The problem
Using the data below, copy every line that contains the word "Used".

(Records from a dataset)
-- Opening Marker --
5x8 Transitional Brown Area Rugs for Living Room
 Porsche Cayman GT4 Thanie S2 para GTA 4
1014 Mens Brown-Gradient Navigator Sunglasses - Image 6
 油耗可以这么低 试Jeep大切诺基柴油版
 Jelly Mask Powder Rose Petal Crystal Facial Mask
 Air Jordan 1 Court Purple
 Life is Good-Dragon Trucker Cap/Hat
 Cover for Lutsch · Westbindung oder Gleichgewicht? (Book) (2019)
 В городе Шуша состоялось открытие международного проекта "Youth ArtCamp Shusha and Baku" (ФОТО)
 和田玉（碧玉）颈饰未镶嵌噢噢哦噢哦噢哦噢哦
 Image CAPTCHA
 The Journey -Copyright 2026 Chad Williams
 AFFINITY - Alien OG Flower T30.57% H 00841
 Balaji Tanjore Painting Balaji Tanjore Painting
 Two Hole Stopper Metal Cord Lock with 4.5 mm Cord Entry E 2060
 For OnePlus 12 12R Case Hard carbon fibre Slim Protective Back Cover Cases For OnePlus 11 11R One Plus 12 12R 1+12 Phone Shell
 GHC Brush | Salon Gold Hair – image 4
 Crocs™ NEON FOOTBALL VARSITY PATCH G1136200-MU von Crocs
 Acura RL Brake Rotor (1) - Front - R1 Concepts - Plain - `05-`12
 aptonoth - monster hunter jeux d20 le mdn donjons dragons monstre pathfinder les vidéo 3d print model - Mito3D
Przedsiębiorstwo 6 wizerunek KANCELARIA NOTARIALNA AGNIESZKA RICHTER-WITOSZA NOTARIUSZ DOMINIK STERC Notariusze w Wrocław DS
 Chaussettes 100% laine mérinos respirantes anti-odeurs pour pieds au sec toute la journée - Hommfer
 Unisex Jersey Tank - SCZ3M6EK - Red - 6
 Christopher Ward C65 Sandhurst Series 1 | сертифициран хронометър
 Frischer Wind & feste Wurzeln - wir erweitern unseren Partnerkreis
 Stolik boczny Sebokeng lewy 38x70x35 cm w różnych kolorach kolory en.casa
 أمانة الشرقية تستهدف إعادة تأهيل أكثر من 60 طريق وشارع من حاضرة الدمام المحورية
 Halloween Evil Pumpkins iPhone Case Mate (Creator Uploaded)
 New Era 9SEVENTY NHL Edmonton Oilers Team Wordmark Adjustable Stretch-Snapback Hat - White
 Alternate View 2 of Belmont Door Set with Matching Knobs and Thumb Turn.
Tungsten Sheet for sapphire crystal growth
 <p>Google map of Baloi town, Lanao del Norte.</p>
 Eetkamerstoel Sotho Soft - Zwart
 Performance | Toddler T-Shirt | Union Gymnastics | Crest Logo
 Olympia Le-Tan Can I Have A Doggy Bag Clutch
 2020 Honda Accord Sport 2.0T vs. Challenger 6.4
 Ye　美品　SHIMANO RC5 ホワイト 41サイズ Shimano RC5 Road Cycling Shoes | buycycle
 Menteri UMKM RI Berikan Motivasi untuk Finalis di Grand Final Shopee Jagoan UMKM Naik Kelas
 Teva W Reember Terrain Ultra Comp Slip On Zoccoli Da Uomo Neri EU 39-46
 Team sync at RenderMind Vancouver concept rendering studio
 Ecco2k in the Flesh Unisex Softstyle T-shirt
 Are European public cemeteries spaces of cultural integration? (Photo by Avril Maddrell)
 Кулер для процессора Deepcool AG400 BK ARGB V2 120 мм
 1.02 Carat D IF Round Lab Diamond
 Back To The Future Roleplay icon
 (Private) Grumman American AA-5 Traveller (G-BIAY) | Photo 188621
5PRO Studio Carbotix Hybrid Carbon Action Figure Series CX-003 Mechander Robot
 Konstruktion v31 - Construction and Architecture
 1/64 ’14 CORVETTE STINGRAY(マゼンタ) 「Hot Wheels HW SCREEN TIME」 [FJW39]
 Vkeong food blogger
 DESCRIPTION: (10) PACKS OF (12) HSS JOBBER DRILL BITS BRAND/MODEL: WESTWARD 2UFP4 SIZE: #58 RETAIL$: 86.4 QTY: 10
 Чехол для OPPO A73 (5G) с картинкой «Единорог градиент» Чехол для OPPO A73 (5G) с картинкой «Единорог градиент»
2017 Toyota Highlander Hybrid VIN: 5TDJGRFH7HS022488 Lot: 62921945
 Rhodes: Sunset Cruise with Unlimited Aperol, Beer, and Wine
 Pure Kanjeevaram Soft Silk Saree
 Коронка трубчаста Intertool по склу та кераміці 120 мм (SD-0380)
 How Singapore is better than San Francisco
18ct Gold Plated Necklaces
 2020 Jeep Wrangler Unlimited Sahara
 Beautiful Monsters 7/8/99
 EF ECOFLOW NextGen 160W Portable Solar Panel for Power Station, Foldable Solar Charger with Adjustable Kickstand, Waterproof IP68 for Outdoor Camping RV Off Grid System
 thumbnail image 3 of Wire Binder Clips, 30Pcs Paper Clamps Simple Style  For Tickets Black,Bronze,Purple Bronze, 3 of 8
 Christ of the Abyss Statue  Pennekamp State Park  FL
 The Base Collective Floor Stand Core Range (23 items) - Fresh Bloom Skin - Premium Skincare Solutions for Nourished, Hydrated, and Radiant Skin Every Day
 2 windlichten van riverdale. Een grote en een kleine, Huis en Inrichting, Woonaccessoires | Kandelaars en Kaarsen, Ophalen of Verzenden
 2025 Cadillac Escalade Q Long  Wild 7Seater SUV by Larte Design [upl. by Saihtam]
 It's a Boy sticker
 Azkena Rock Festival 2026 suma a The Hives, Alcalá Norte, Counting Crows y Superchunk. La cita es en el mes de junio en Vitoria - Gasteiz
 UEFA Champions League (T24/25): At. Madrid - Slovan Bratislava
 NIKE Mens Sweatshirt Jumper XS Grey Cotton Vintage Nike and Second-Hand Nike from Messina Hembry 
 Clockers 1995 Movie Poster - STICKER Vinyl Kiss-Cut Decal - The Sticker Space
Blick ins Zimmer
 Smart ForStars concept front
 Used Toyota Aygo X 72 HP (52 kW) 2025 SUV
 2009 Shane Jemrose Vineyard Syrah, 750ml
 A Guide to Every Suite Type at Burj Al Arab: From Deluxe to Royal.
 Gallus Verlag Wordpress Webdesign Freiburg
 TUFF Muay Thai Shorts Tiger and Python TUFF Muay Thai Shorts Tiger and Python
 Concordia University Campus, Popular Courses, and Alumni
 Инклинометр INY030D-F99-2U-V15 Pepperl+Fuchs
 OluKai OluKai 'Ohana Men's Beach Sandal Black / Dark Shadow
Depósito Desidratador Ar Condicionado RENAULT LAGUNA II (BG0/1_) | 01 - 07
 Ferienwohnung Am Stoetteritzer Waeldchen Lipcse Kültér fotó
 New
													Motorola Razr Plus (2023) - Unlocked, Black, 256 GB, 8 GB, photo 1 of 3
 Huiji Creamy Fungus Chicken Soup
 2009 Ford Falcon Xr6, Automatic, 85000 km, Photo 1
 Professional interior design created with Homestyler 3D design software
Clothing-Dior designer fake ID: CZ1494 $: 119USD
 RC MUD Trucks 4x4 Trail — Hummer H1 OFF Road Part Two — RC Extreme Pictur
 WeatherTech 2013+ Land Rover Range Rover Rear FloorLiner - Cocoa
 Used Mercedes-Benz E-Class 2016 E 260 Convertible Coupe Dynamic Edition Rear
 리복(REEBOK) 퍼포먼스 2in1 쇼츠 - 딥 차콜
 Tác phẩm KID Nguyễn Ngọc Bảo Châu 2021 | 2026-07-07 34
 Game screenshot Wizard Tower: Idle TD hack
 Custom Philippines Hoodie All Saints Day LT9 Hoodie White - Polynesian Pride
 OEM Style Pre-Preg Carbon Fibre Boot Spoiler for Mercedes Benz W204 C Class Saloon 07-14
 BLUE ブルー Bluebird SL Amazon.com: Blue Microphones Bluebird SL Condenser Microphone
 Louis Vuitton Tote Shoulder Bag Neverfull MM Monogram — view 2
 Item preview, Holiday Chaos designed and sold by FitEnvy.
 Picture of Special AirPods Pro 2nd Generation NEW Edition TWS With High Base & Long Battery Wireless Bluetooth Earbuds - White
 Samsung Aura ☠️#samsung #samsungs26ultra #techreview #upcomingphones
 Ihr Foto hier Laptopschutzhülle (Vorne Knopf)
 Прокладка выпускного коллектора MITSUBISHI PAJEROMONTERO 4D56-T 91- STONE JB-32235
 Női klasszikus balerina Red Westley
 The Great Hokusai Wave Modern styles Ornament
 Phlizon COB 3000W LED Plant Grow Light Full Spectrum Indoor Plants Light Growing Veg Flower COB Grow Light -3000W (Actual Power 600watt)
-- Closing Marker --
Output of the exercise
 Used Toyota Aygo X 72 HP (52 kW) 2025 SUV
 Used Mercedes-Benz E-Class 2016 E 260 Convertible Coupe Dynamic Edition Rear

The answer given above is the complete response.